一隻又一隻的船到達這個碼頭,過了一年的作客生涯,從遙遠的工作地點回家來過節日,他們的箱子、籃子和包袱裏裝滿了禮物。我注意到有一個人,他在船靠岸的時候,換上一條整齊地疊好的縐麻拖地,在布衣上麵套上一件中國絲綢的外衣,整理好他頸上的仔細圍好的領巾,高撐著傘,走向村裏去。
潺潺的波浪流經稻地。芒果和棗椰的樹梢聳入天空,樹外的天邊是毛茸茸的雲彩。棕櫚的樹梢在微風中搖曳。沙岸上的蘆葦正要開花。

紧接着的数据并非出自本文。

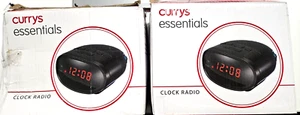 x2 ESSENTIALS CCRAN10 Radio Orologio Analogico, Nero, Stazioni Radio FM/MW Joblot - Foto 1 di 3
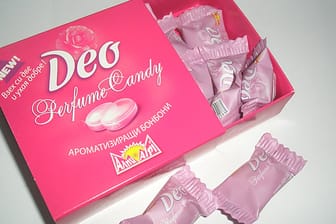 "Deo Perfume Candy": Das Deo-Bonbon soll lästigen Körpergeruch vertreiben.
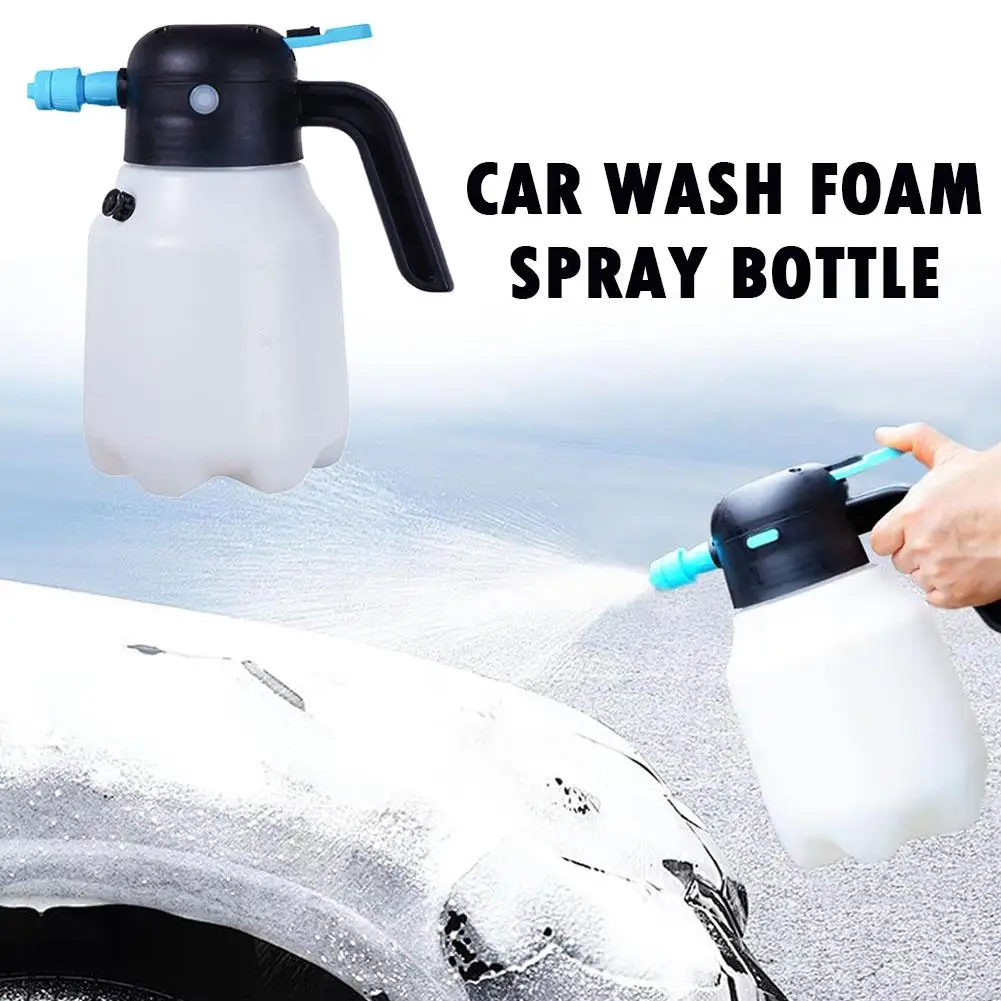 

Электрический распылитель пены для снега 1,8 л, распылитель для мытья автомобиля, USB перезаряжаемый ручной распылитель, лейка для чистки окон автомобиля E9B7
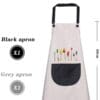 Tablier Enfant, 2 Pièces Tablier Enfants avec Poches, Tablier Peinture Enfant, Réglables Kids Tablier de Chef pour Garçons Filles Artisanat Peinture Cuisine Coloriage, Vert et Jaune（8-12 Ans） – Image 2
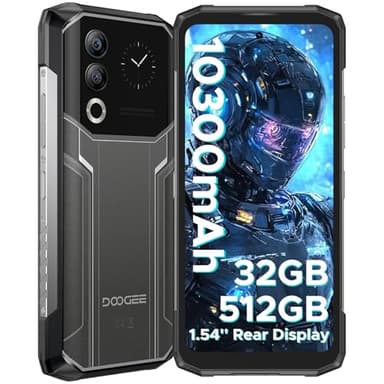 DOOGEE Blade 20 Ultra Outdoor Handy Ohne Vertrag, 32GB+512GB/2TB Outdoor Smartphone 10300mAh, 1,54" Heckdisplay 6,6" HD+, 50MP+8MP, Octa Core T7250 Android 14, 3 Card Slots/NFC/OTG/Fingerabdruck
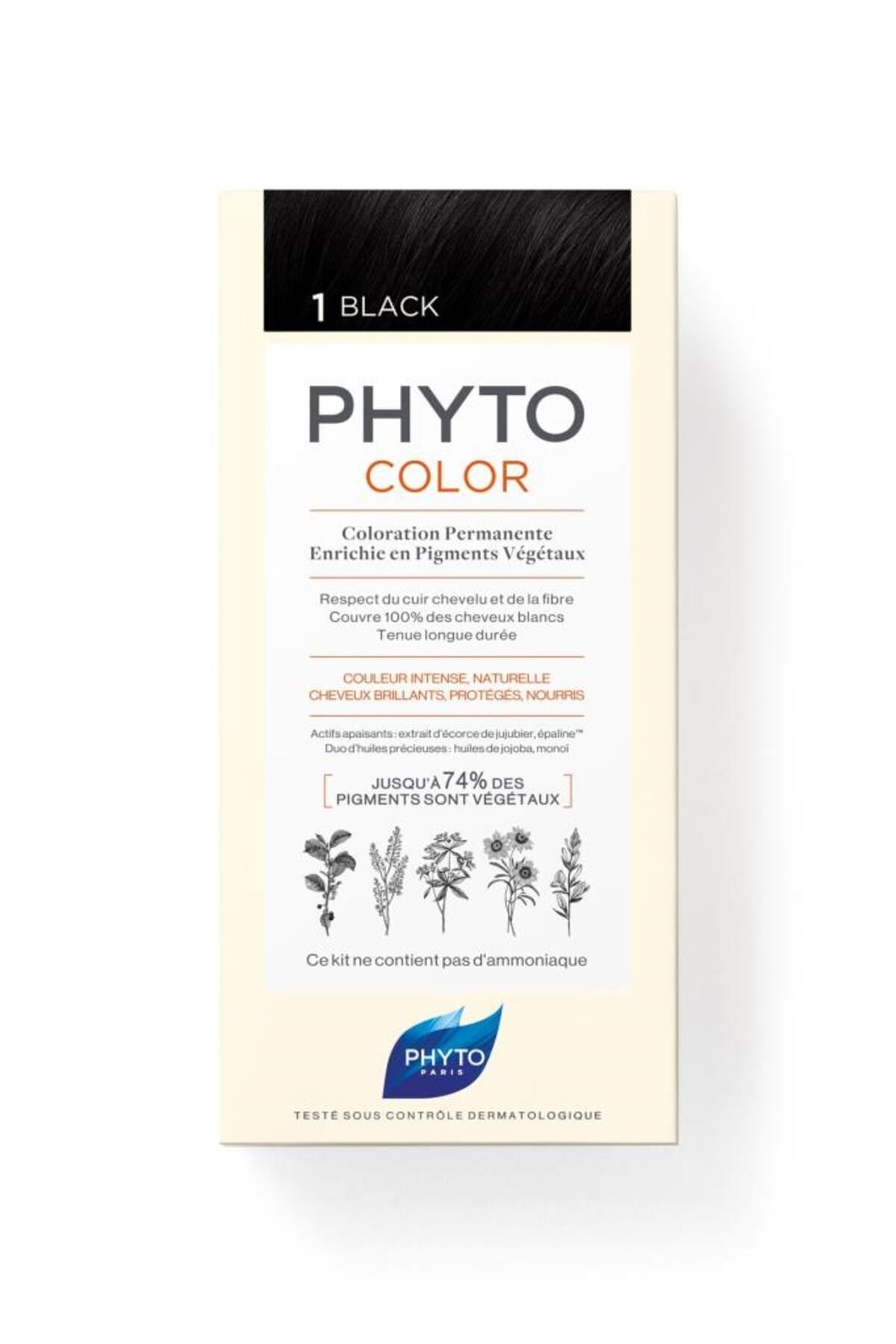 Phytocolor Bitkisel Saç Boyası ''1 Siyah''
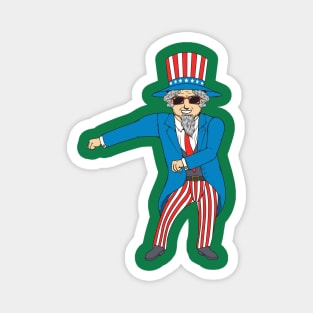 Flossing uncle sam 4th of july desing Magnet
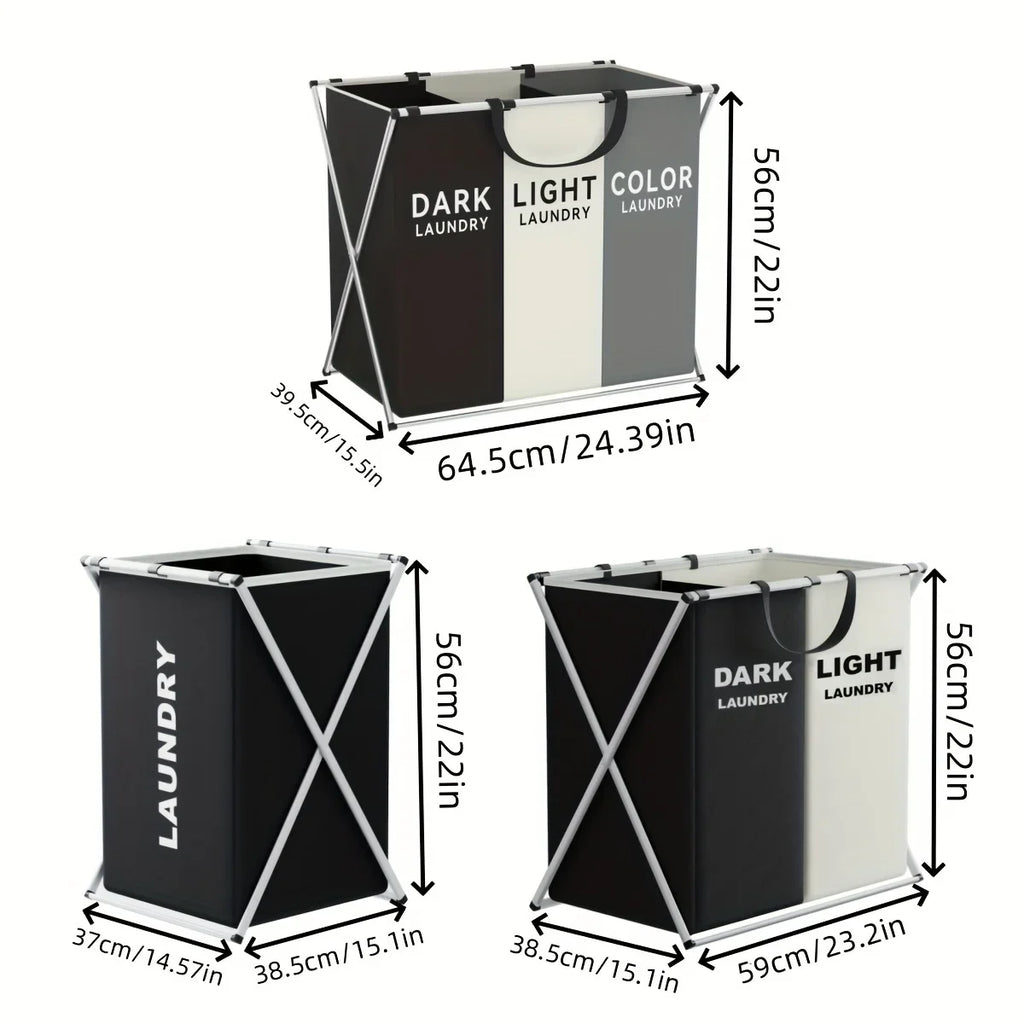 Panier à linge multi-sections TriSort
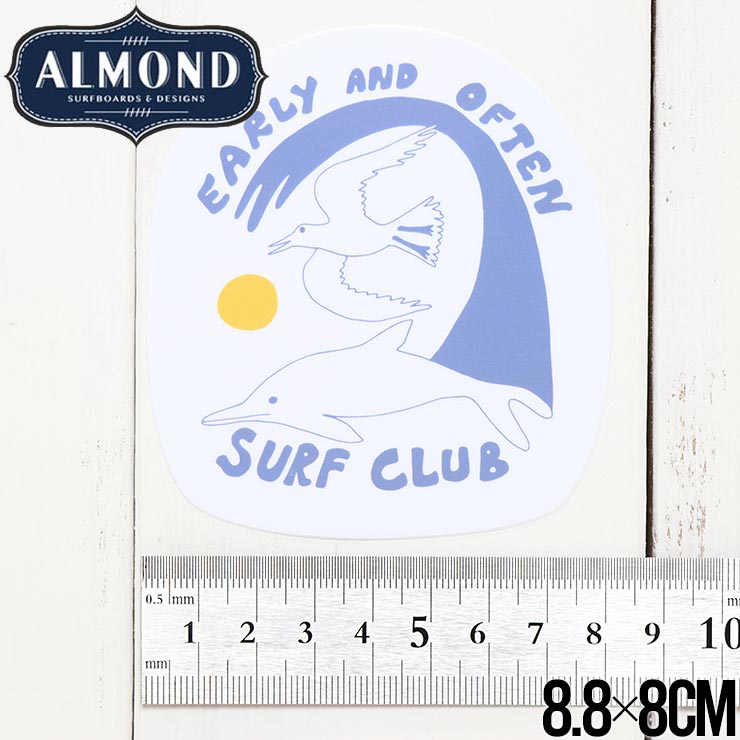 送料無料ALMOND SURF アーモンドサーフ STICKER ステッカー #5  BRAND,ALMOND,STICKERS  LUG  Lowrs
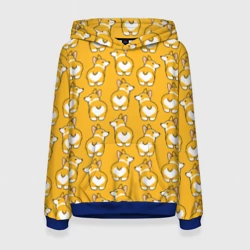 Женская толстовка 3D Корги Паттерн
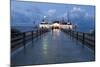 The Historic Pier in Ahlbeck on the Island of Usedom-Miles Ertman-Mounted Photographic Print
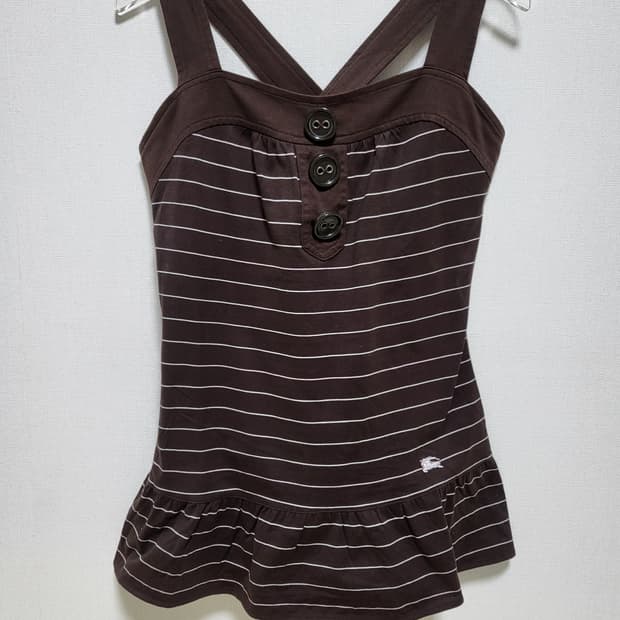 버버리 블루 라벨 스트라이프 민소매 55-66새제품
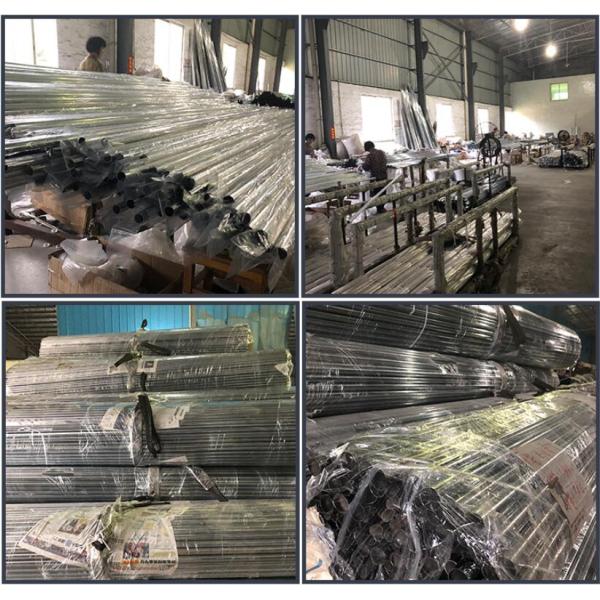 Iron steel Chrome Oval Tube Round Tube Wardrobe Hanging Rail For Clothes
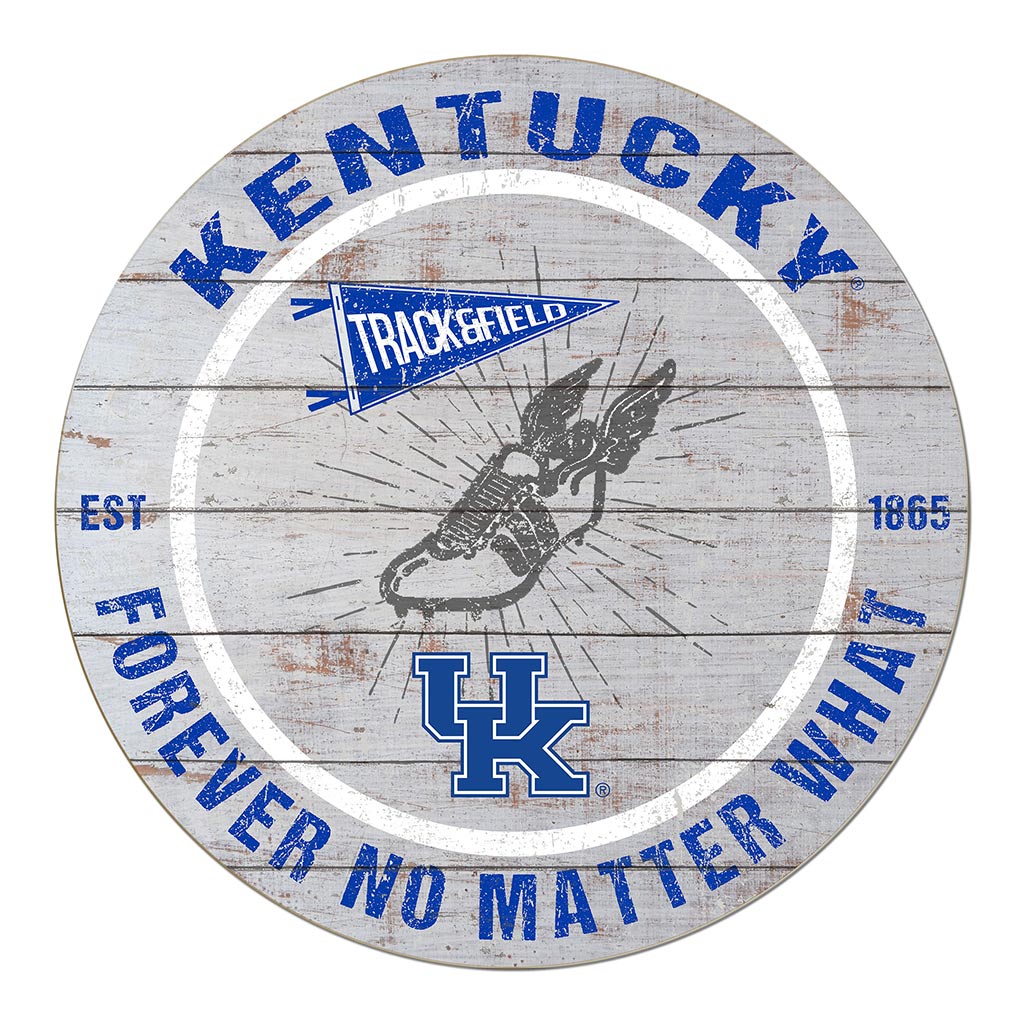 20x20 Throwback Weathered Circle Kentucky Wildcats Track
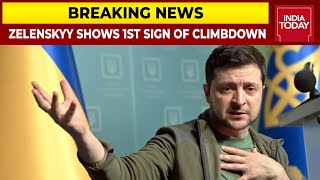 Ukraine President Zelenskyy Shows 1st Sign Of Climbdown, Says Not Pressing For NATO Membership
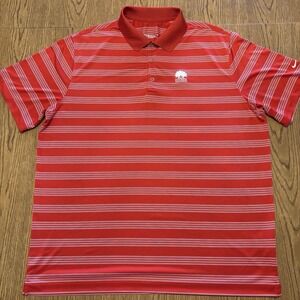 Nike Golf Tour Performance Dri-Fit Polo Shirt XXL Belfair Striped Red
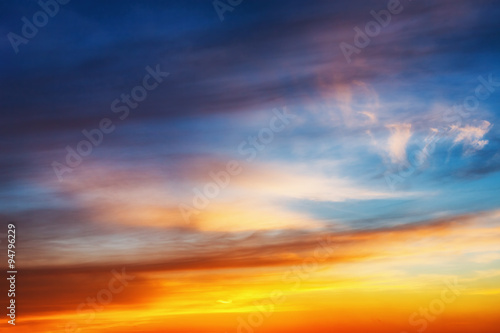 Sunset dramatic sky clouds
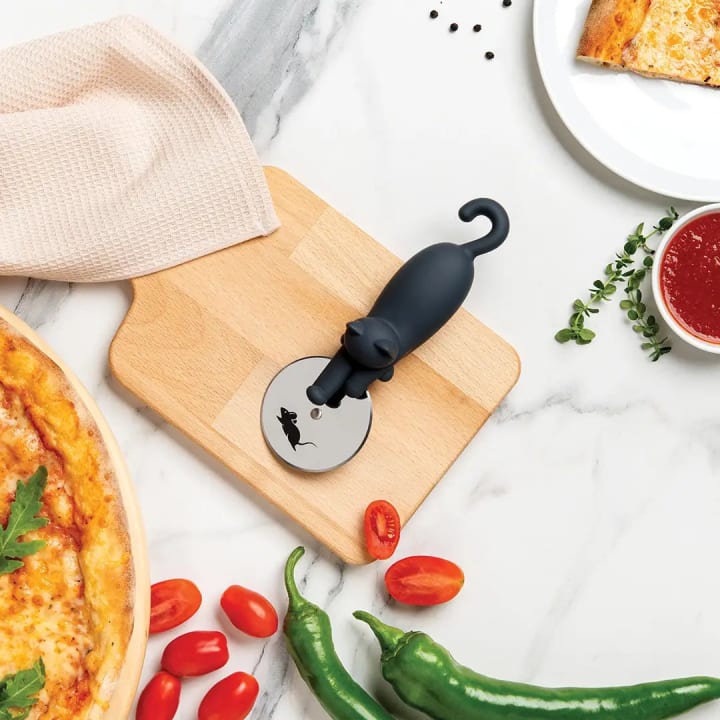 Kitty Cut Pizza Cutter Wheel | Black Cat Lovers Kitchen Utensils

這一切都是悅目爽心的畫麵。
剛回到家的人的心情,在企望著他的家人的熱切的期待,這秋日的天空,這個世界,這溫煦的曉風,以及樹梢、枝頭和河上的微波普遍地反應的顫動,一起用說不出來的哀樂,來感動這個從船窗裏向外凝望的年輕人。
從路旁窗子裏所接受到的一瞥的世界,帶來了新的願望,或者毋寧說是舊的願望改了新的形式。前天,當我坐在船窗前麵的時候,一隻小小的漁船漂過,漁夫唱著一支歌-調子並不太好聽。但這使我想起許多年前我小時候的一個夜晚,我們在巴特馬河的船上。有一夜我在兩點鍾時候醒來,在我推上船窗伸出頭去的時候,我看見平靜無波的河水在月下發光,一個年輕人獨自劃著一隻漁舟,唱著走過,嗬,唱得那麽柔美,-這樣柔美的歌聲我從來也沒有聽見過。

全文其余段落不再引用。